Oakland police forcibly removed M4H from that abode; meanwhile, wildcat graduate student strikers at two of the 10 campuses in the University California system are withholding their labor, demanding higher pay for skyrocketing rents.

“We are trying to build a coalition,” Walker, a full-time organizer of the Black Housing Union, a chapter of Alliance of Californians for Community Empowerment (ACCE), told me. “That effort has resonated with people globally.” Movement politics is the name of this game.

“We have been in solidarity with M4H from the start,” Nell Myhand of the Poor People’s Campaign Bay Area Supporters Steering Committee, told me. For Myhand and Walker, collective mobilization is the key to waging struggle against the wealthy few making shelter unaffordable for the working class and poor folks.

“We know that you only get what you organize to take so we see M4H’s bold action as a strike against corrupt corporate profiteers who are more than willing to monopolize the real estate market while people are sleeping on the street. We also condemn the policy makers who have defunded and destroyed public housing leaving poor people, women and children like M4H to their own devices to provide for their need for decent housing.”

A scholar at UC Berkeley has taken a deep dive into the crisis of unaffordable shelter. Geographer Richard A. Walker is the author of Pictures of a Gone City: Tech and the Dark Side of Prosperity in the San Francisco Bay Area (PM Press, 2018). His three-part book weaves the threads of this social contradiction, using standard data, statistics, plus helpful charts and graphs.

“The popular resistance is completely understandable,” Walker told me, speaking of M4H. “The economic boom of the 2010s created a tsunami of demand, mostly from the upper classes, that overwhelmed the housing markets around the region, led to wholesale makeovers of neighborhoods (‘gentrification’) and driven thousands of working people out to the fringes of the metropolis —or beyond.” In the urban core, those unable or unwilling to leave are fighting back.

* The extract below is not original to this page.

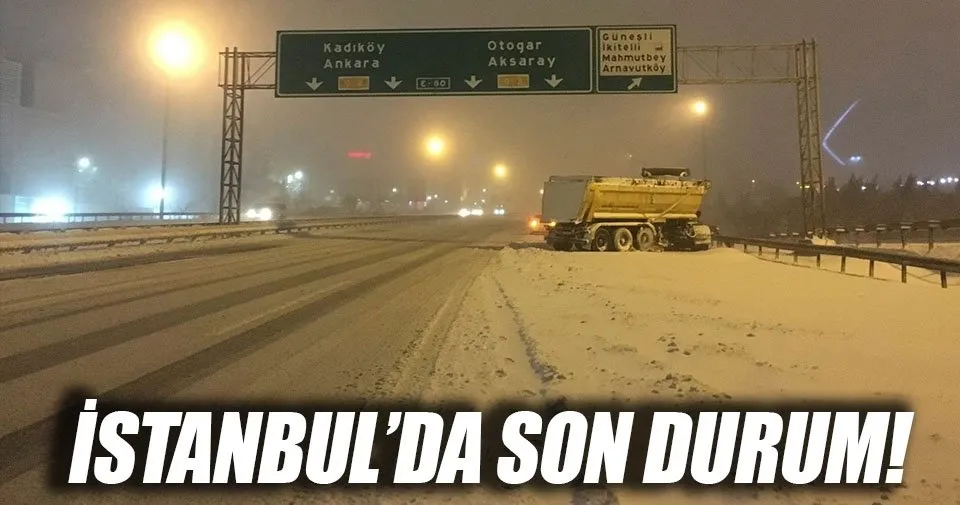 Istanbul Da Son Yol Durumu Istanbul Trafigi Nasil En Son Haber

“Oakland has been a center of resistance for a long time,” according to Walker, “most notably in the Occupy Movement (that President Obama ended in coordinated nationwide police violence against peaceful demonstrators), and the protests against the murder of Oscar Grant (a handcuffed, unarmed black male who a transit cop shot to death on New Year’s Day in 2009). Housing activism in Oakland, especially pronounced over the last decade, gained some protections for renters—but not enough.”

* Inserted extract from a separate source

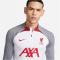 NIKE FC Liverpool Strike Dri-FIT langarm Fußball Trainingsshirt Herren 101 - white/smoke grey/tough red XXL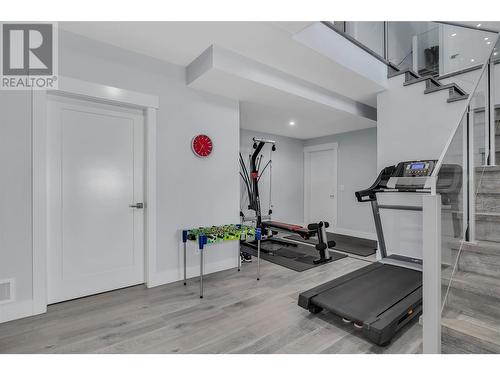 1088 Clarance Avenue, Kelowna, BC - Indoor Photo Showing Gym Room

Speaking of renters, graduate student teaching assistants in the United Auto Workers Local 2865 have been on a wildcat strike at University California Santa Cruz, south of Oakland, since February 10. The strikers’ demand is for a cost-of-living-adjustment (COLA) of $1,412 per month to use for rent.

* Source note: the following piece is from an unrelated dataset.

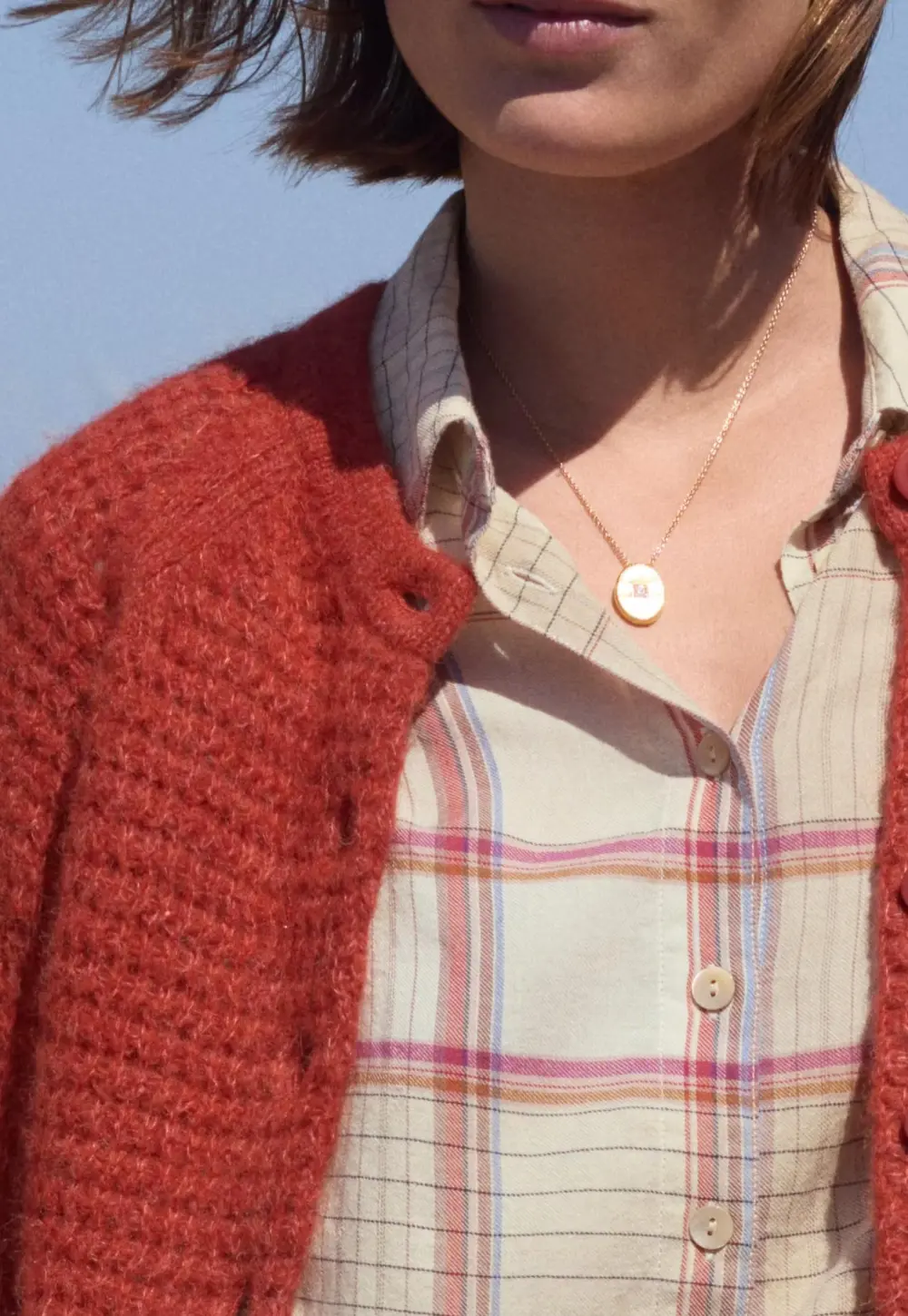 Button-through cardigan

The striking UCSC graduate student strikers are picketing, and refusing to teach, grade, hold office hours and do research, actions that the UAW has not sanctioned, swim in the same water as M4H. Neither groups of working class want to be homeless.

The spirit of dissent is spreading. On February 27, UC Davis graduate students began a grade strike for the winter quarter to demand a COLA. They are in the famous words of Fannie Lou Hamer, the legendary community organizer and leading figure in the civil and women’s rights movements who co-founded and was vice-chair of the Freedom Democratic Party, “sick and tired of being sick and tired.”

At the other end of the income pole, UC managers live large. Consider this. “UC Davis Chancellor Gary May receives a salary of over $500,000, which does not include subsidized housing and other benefits,” according to a statement from UCD4COLA. Nice work if you can get it.

In the UC system, the expanding collective mobilization for higher pay to afford escalating rental prices is spurring a reaction from management. We turn to UC President Janet Napolitano, Obama’s Secretary of Homeland Security and Arizona’s governor before that. She has threatened to fire the wildcat strikers if they fail to return to work. International graduate students on the wildcat strike could face deportation.

UCD4COLA has called for UC to rescind its threats of retaliation against wildcat strikers at UC Santa Cruz. In the blue state of California, collective actions against unaffordable housing in low supply as demand and prices for it rise higher, is growing. What the state Democratic Party does and does not do in response bears scrutiny. One thing is clear. The class conflict in California is heating up.